DATASET RECORDS Block Start
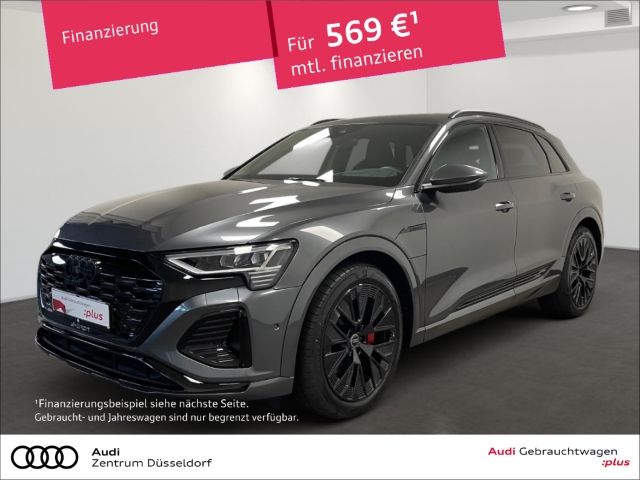 Audi Q8 e-tron 57.952 km 54.900 &euro; Düsseldorf 40233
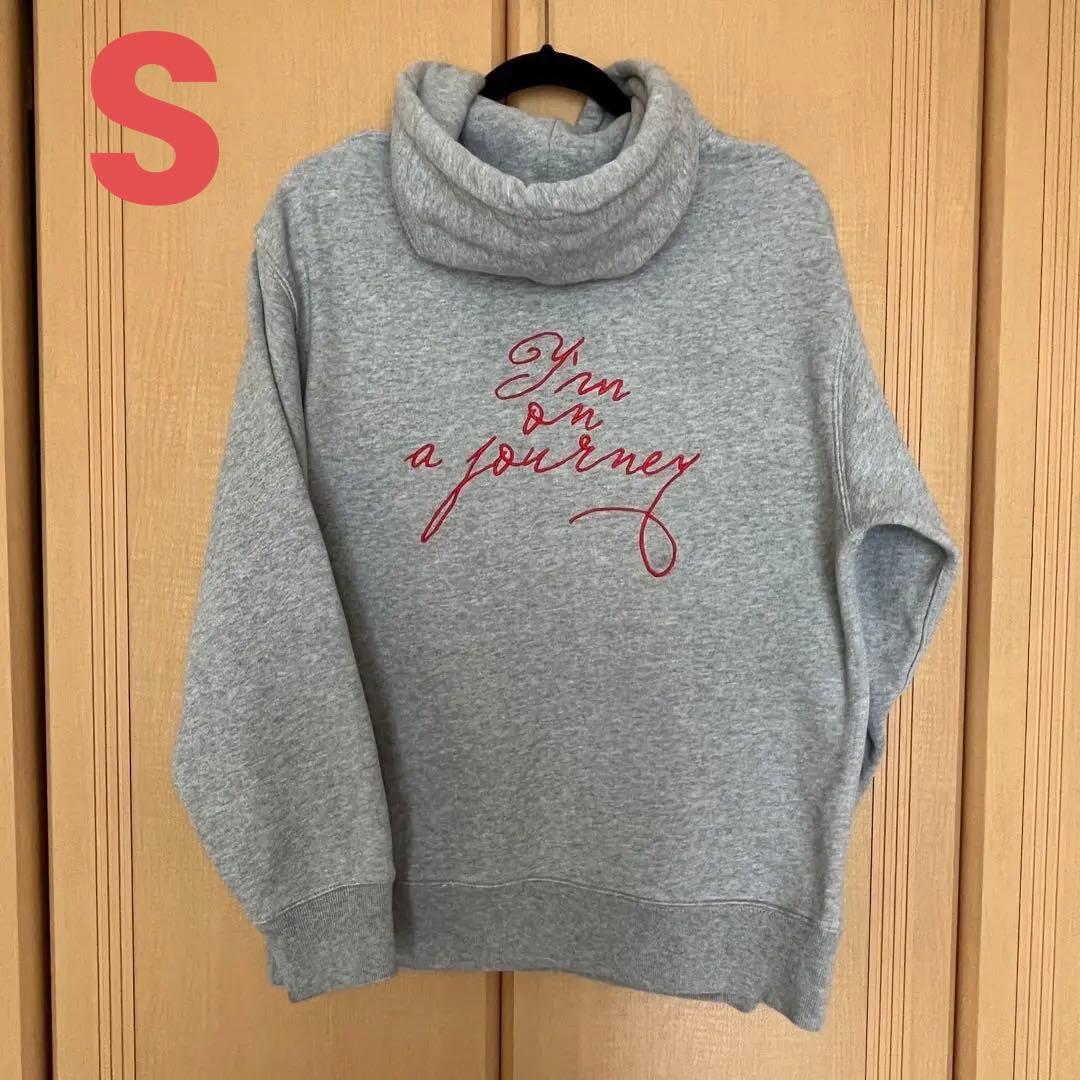 藤井風 旅路パーカー サイズ S(タグM) 注文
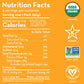 Sunny Fruit Soft Organic Turkish Dried Apricots - 6 Bags (30 Individual Portion Packs) | Healthy, Convenient Snack Packs | ORGAN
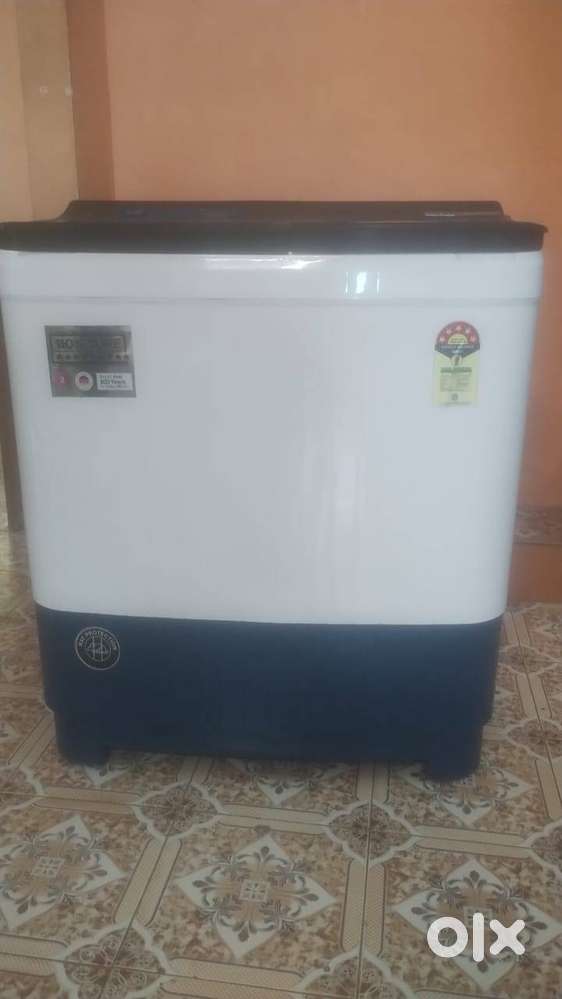 Bosch Washing Machine Semi Auto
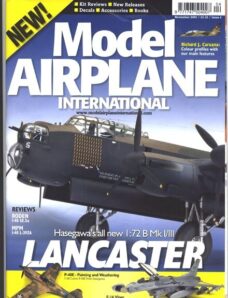 Model Airplane International — Issue 04, November 2005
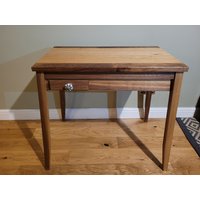 Nussbaum Und Esche Tisch Nussbaum Und Esche Tisch von AllWoodCraftGoods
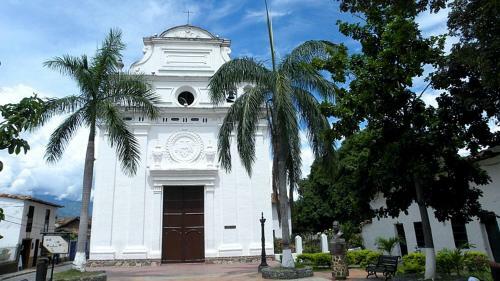 Hostal Apartahotel La Villa Santa Fe de Antioquia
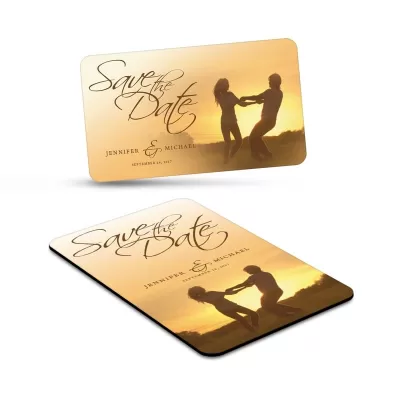 120 x 70mm Rectangle Fridge Magnet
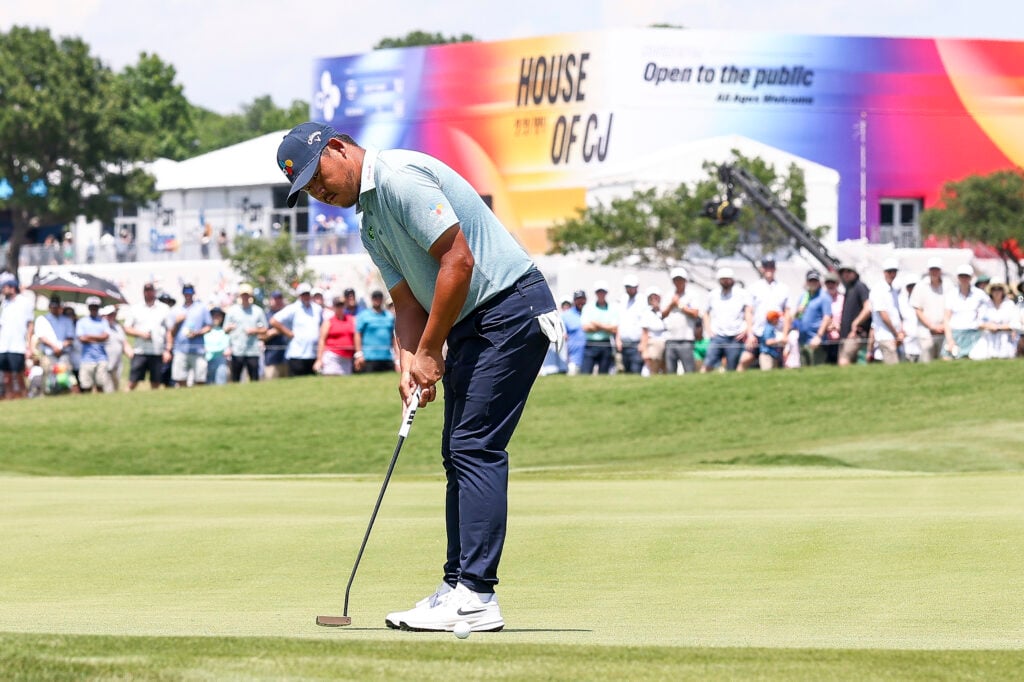 THE CJ CUP Byron Nelson 2026 - Final Round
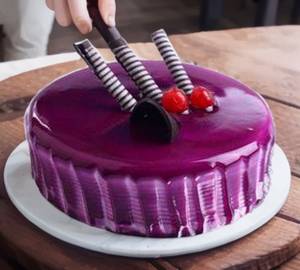 Eggless Black Currant [500 Grams]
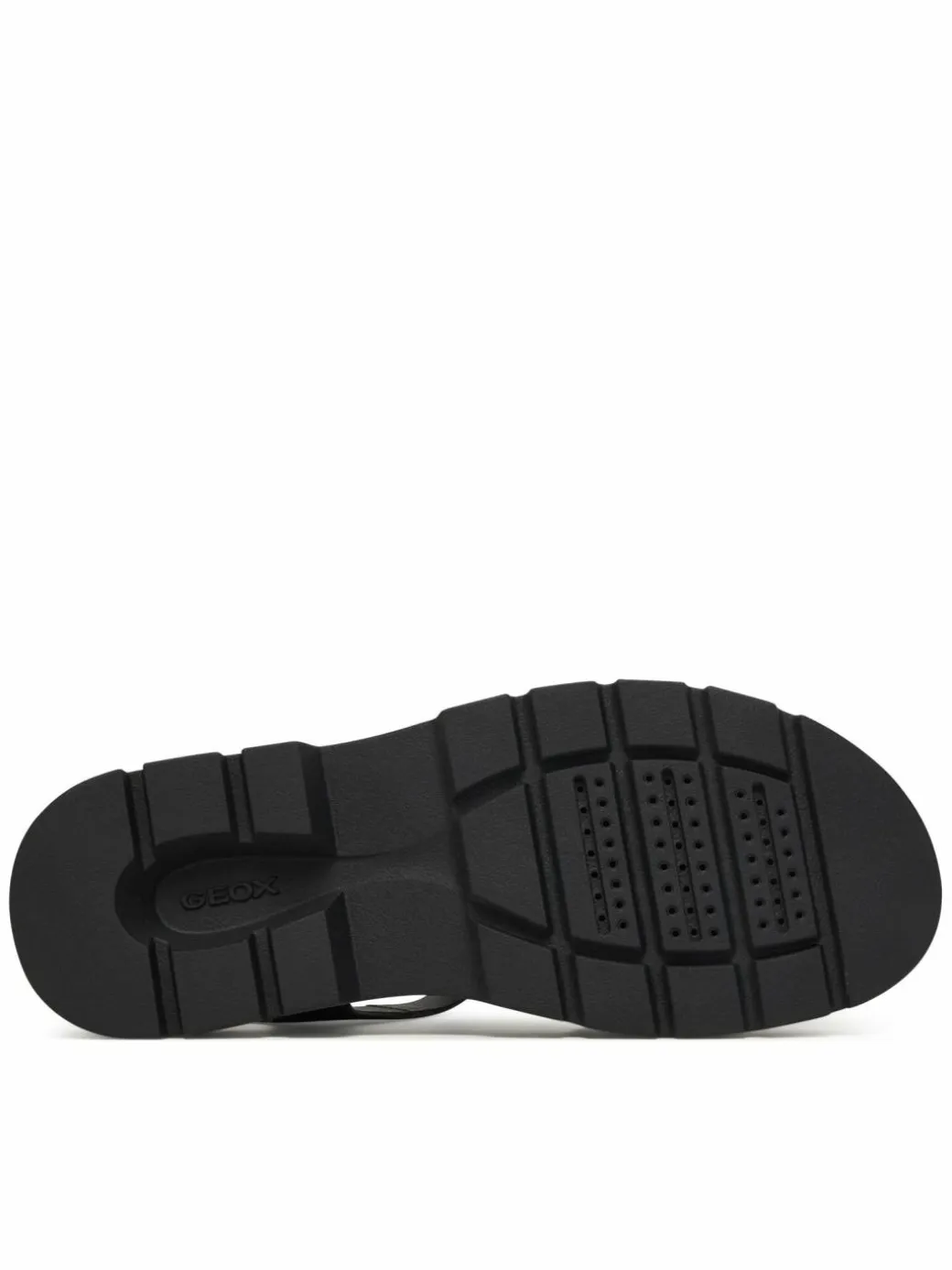 Sandali Adacter S B D670NA 00043 C9999 Nero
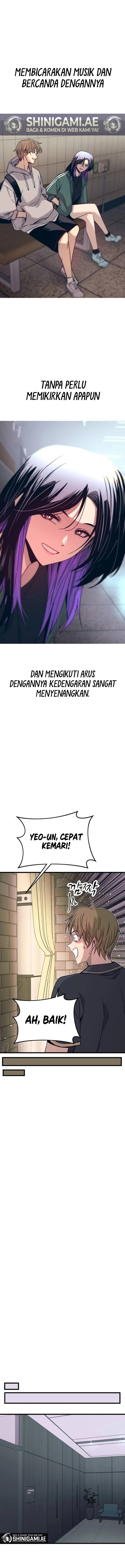 My Bias Gets On The Last Train - Seseorang Yang Menyukai Rencana Malam - Page 15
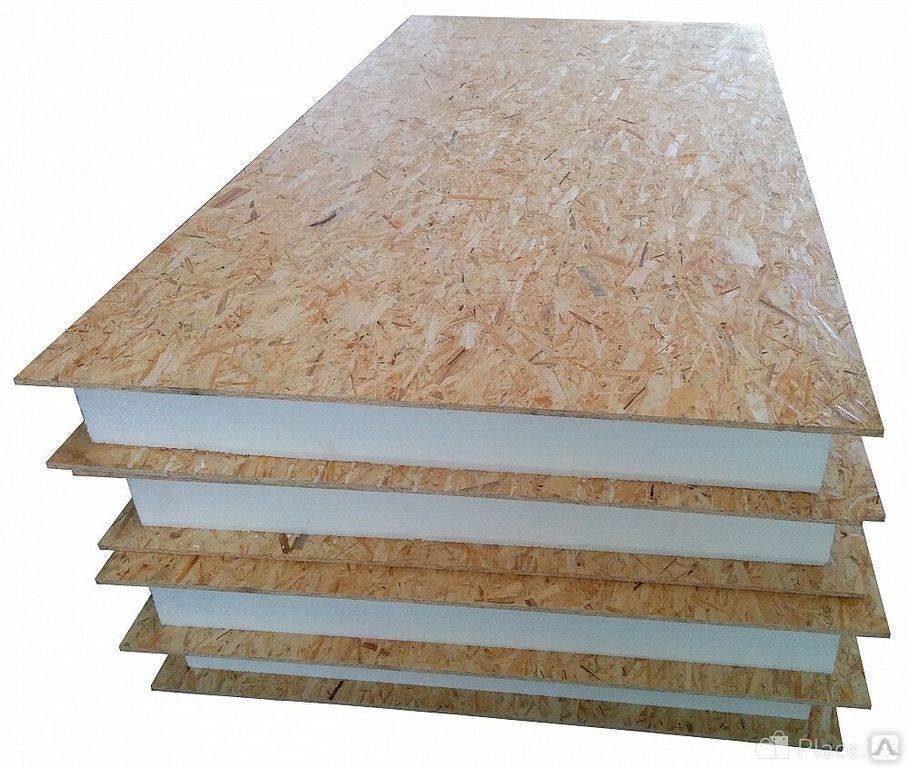 Сип-панели: что это такое - фото домов из sip панелей, отзывы, плюсы и минусы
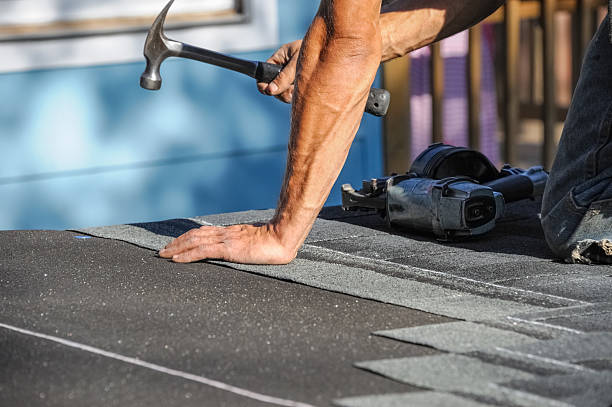 Reliable Gutter Repair And Installation contractor in Erwin, NC by Ben Roofing and Steel LLC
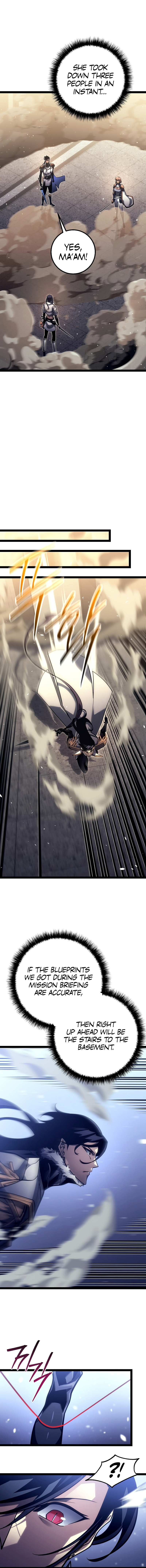 Regressing as the Reincarnated Bastard of the Sword Clan Chapter 47 - Page 5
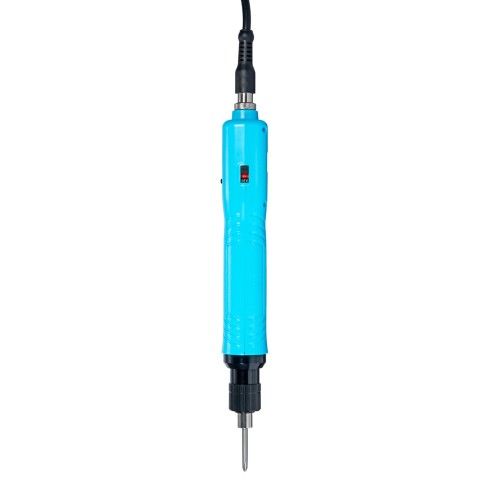 Assembly line electric screwdriver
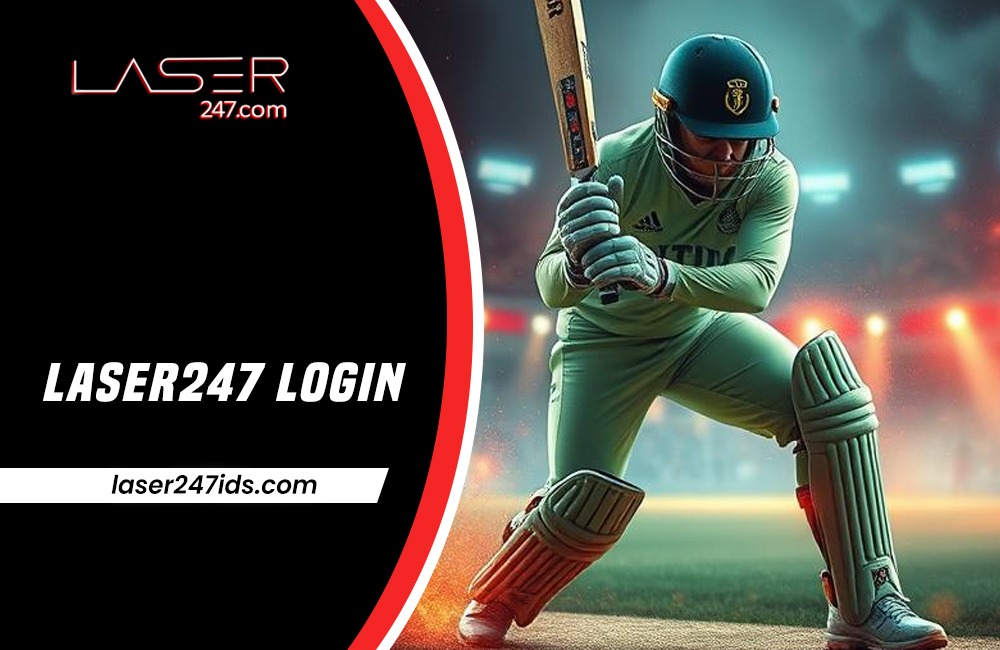 Laser247 login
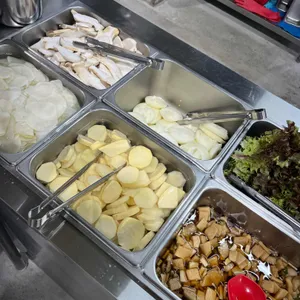 당구대 통철판삼겹살 사진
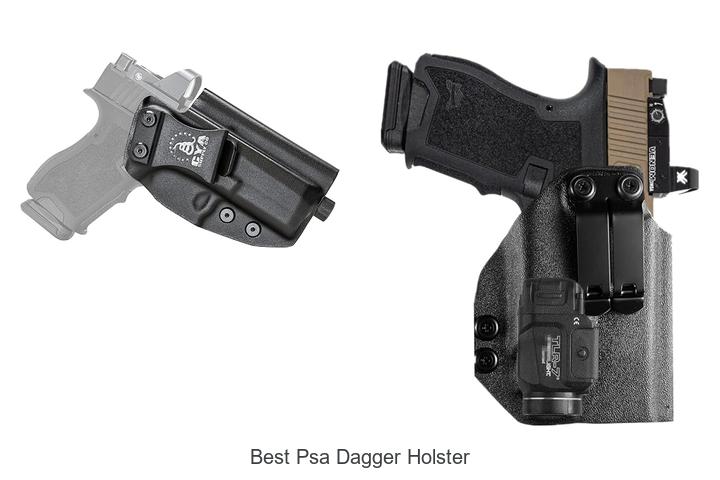 Best PSA Dagger Holster You Can’t Afford To Miss Today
DATASET RECORDS Block End
### WHAT TO PRODUCE:
I would like the exact lines from the data above, starting with the one that holds "THE CJ CUP Byron Nelson 2026 - Final Round" and going on through the one that holds "Reliable Gutter Repair", without the pictures.

### RESULT OF THIS EXERCISE:
 THE CJ CUP Byron Nelson 2026 - Final Round
 Eggless Black Currant [500 Grams]
 Sandali Adacter S B D670NA 00043 C9999 Nero
 My Bias Gets On The Last Train - Seseorang Yang Menyukai Rencana Malam - Page 15
 Сип-панели: что это такое - фото домов из sip панелей, отзывы, плюсы и минусы
 Reliable Gutter Repair And Installation contractor in Erwin, NC by Ben Roofing and Steel LLC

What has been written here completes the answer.